(WHAT YOU ARE ASKED TO DO):
For the entries below, return the line holding "Leather-wrapped steering wheel, power" together with all lines after it, unchanged, and leave every picture out.

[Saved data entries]

++++

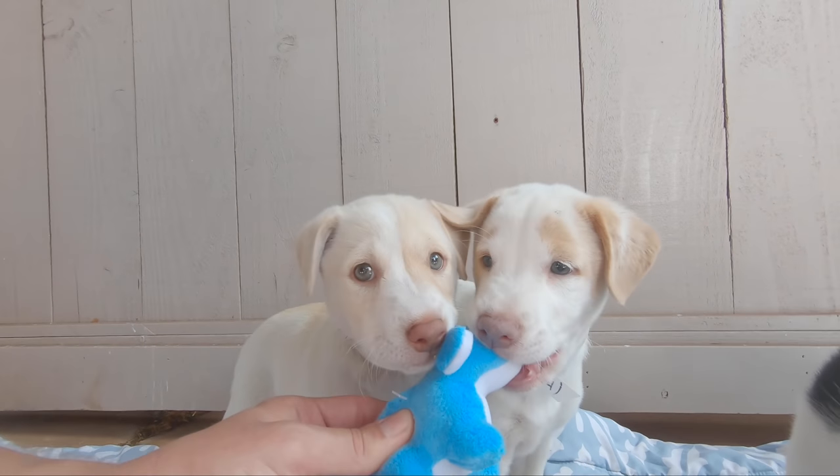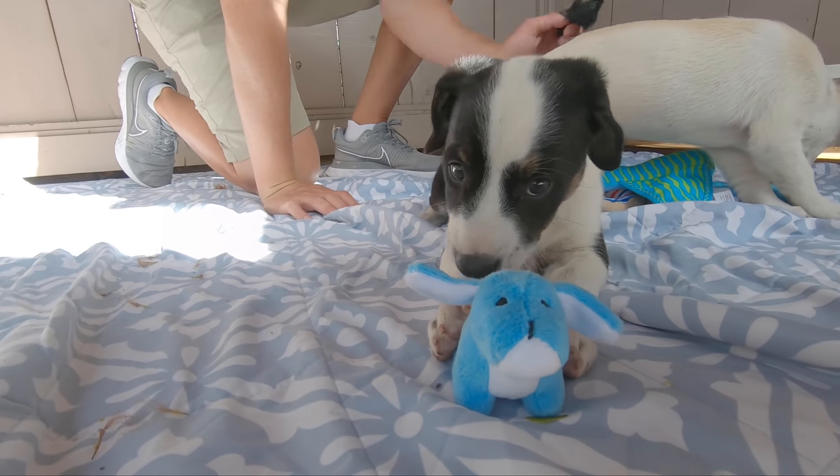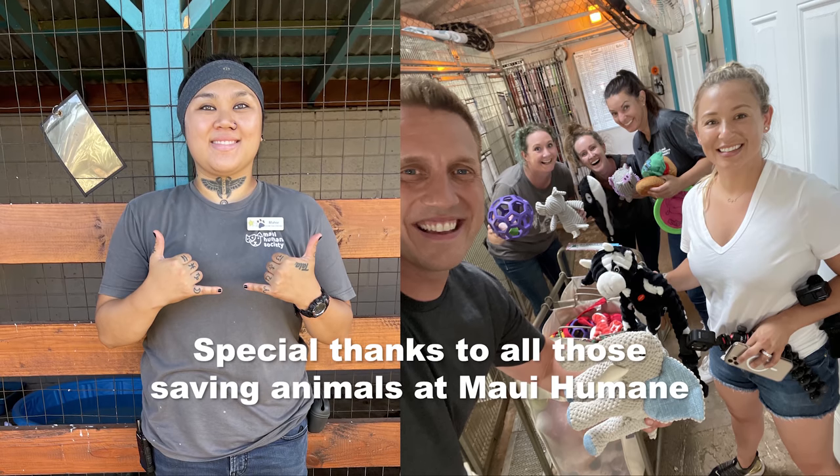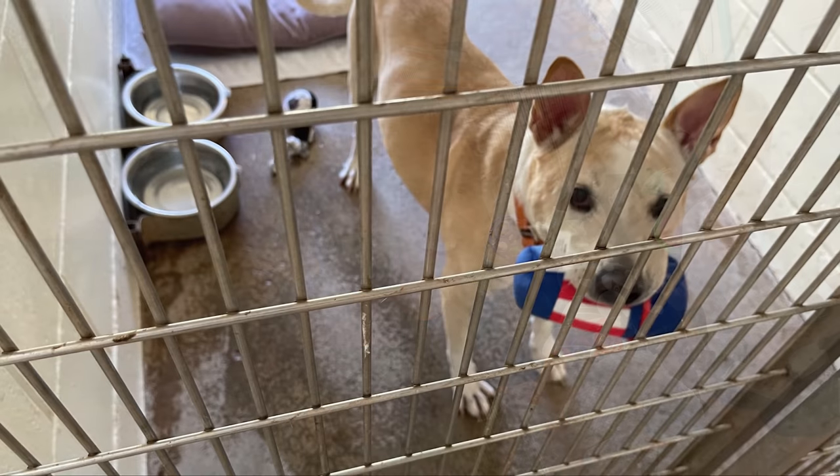I hope that shelters everywhere see this and deploy the toy trolley. But forever and always, the toy trolley was invented at the Maui Humane Society. If you love animals as much as I do, make sure you subscribe, turn on notifications, and check out one of these other awesome videos.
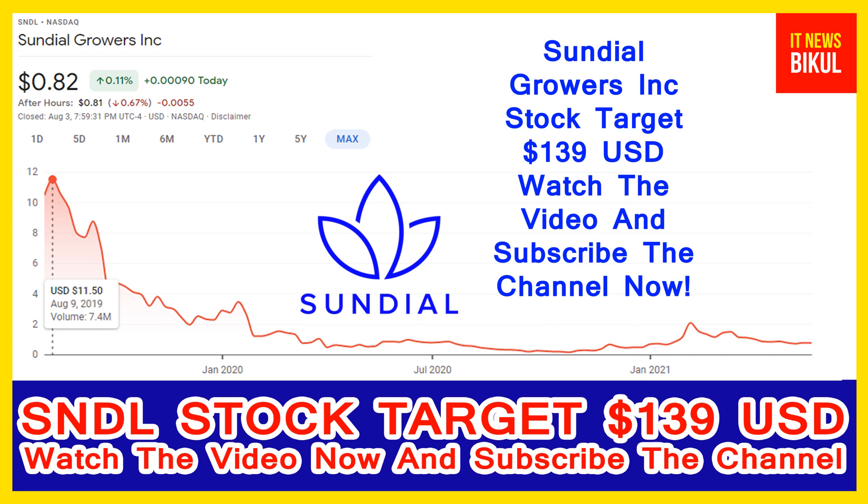Friends, today I have taken a very good stock for you that will give you very good returns in coming days. That stock is Sundial Growers Incorporated. SNDL stock now closed at 0.82 USD level on 3rd August.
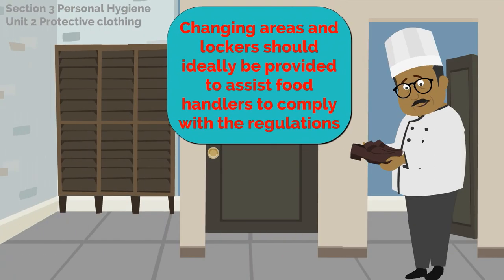Changing areas and lockers should ideally be provided to assist food handlers to comply with the regulations.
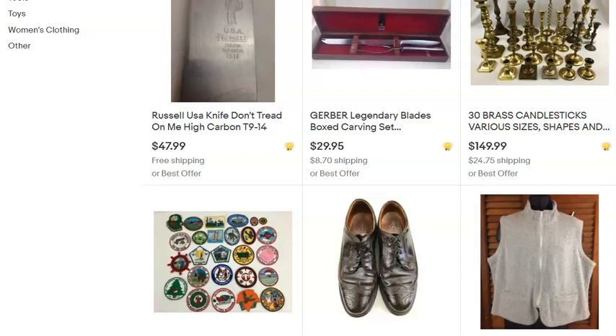Hello, welcome to another adventure in 'What Sold This Week on eBay.' I'm Dave — Estate Cleaner Dave — and I'm here to talk about what sold this week on eBay for the second week of May 2020. Let's get right started.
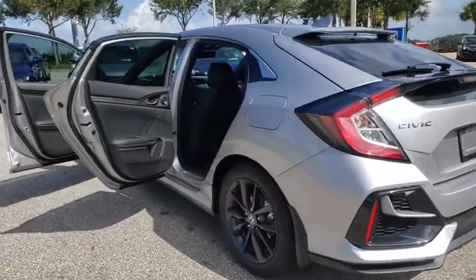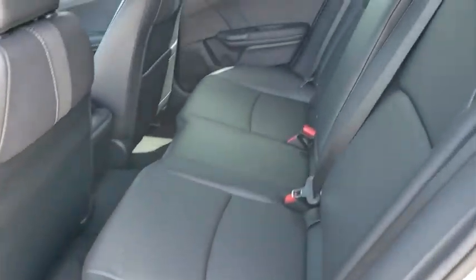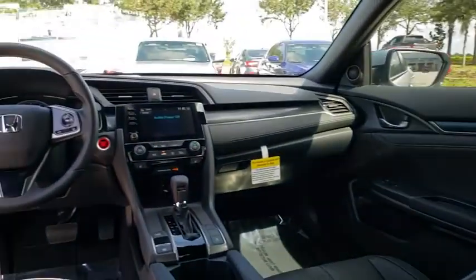Leather-wrapped steering wheel, power steering, adjustable steering wheel, keyless start, cruise control, floor mats, auto-dimming rear-view mirror, aluminum wheels, four-wheel disc brakes, climate control.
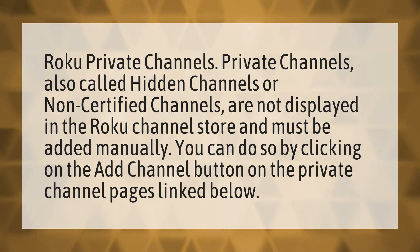Roku Private Channels. Private channels, also called hidden channels or non-certified channels, are not displayed in the Roku Channel store and must be added manually. You can do so by clicking on the add channel button on the private channel pages linked below.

++++

(TASK ANSWER):
Leather-wrapped steering wheel, power steering, adjustable steering wheel, keyless start, cruise control, floor mats, auto-dimming rear-view mirror, aluminum wheels, four-wheel disc brakes, climate control.
Roku Private Channels. Private channels, also called hidden channels or non-certified channels, are not displayed in the Roku Channel store and must be added manually. You can do so by clicking on the add channel button on the private channel pages linked below.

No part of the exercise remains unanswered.